The Hotel Model of Enterprise Security

Think of your enterprise as a busy hotel: guestrooms (servers and applications) are divided among different floors (subnets and VLANs). The lobby (corporate DMZ) is a common area through which guests (packets) are constantly coming and going. Arriving guests are greeted by the front desk and hotel security personnel (the corporate firewall), and are given access to their rooms after checking in.

A VPN is fundamentally a secure transport service, not a secure access control service – in our analogy, the VPN is like a hotel shuttle that brings guests to the front door, and that’s it. Once the VPN connects the network, it doesn’t control what jobs or tools on a user client machine can or cannot access which applications behind the enterprise firewall, and that's the problem - practically anybody could hop on the shuttle to our hotel, leaving the job of weeding out unsavory characters to the overworked front desk check-in.

Secure Access 1.0 solutions typically replace the standard VPN with enhanced authentication before access is established. Authenticated traffic is allowed, and some security filtering is performed at the gateway. Essentially, a Secure Access 1.0 solution verifies who the guests are before they even get on the shuttle, with a few security checks at the front desk.

Problem solved? Not exactly.

After the access terminates at the ZTNA 1.0 gateway, who takes responsibility for ensuring the packet can only travel to the destination resource? (hint: no one) Worse, the packet may not even be able to get to the resource, which may be behind layers of firewalls. It means the Secure Access 1.0 "solution" didn't actually save any infrastructure effort, especially if the company like many security-sensitive enterprises, is already partially segmented for protection.

But there's another problem. Once a user has successfully accessed a machine behind the enterprise firewall, how can you stop this person from hopping laterally to other machines that may not be protected against external access?

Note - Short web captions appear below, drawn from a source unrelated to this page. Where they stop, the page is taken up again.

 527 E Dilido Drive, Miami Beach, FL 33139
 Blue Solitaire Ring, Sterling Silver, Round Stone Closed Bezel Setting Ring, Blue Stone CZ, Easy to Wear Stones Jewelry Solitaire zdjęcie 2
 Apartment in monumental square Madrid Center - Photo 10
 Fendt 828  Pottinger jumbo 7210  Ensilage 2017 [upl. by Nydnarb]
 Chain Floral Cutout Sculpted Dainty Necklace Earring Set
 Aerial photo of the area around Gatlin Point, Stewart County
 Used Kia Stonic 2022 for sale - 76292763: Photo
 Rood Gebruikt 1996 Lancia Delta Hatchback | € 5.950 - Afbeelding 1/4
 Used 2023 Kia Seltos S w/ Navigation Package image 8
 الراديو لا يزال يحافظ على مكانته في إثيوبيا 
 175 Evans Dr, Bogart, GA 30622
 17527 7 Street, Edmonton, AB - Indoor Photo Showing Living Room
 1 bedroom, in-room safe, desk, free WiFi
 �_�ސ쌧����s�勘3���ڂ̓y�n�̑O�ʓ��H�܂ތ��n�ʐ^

In our hotel example, how to stop a person from sneaking out of their room to search for other unlocked rooms? Secure Access 1.0 assumed the hotel is secure, trusts the guests not to roam, and doesn’t lock doors to the rooms, either.

You see, most Secure Access 1.0 solutions are designed with web application access in mind. With this model, extra security measures are out of scope; once the access can reach the web service, Secure Access 1.0’s job is done. But to serve as a true VPN replacement, ZTNA needs to be able to support more complex accesses models – user-to-app and app-to-app – such as ssh, as well as standard TCP/IP client/server applications. ZTNA also needs to control access end-to-end – and be able to stop it at the other end. If you give a remote user ssh access to a machine, you're going to want to be sure that the user doesn't abuse that privilege to move laterally within your organization to access other resources.

secure_access_1_0Secure Access 1.0 – Partial Zero Trust


Enter Secure Access 2.0

The Secure Access 2.0 paradigm follows the same basic principles introduced by Secure Access 1.0, namely to authenticate users and endpoints, and to authorize every transaction.  Secure Access 2.0 expands on this model by adding the following key requirements:

  • Control accesses from end-to-end
  • Control the potential for lateral migration

Controlling access from end-to-end means from the source, all the way to the destination machine – and not anywhere else.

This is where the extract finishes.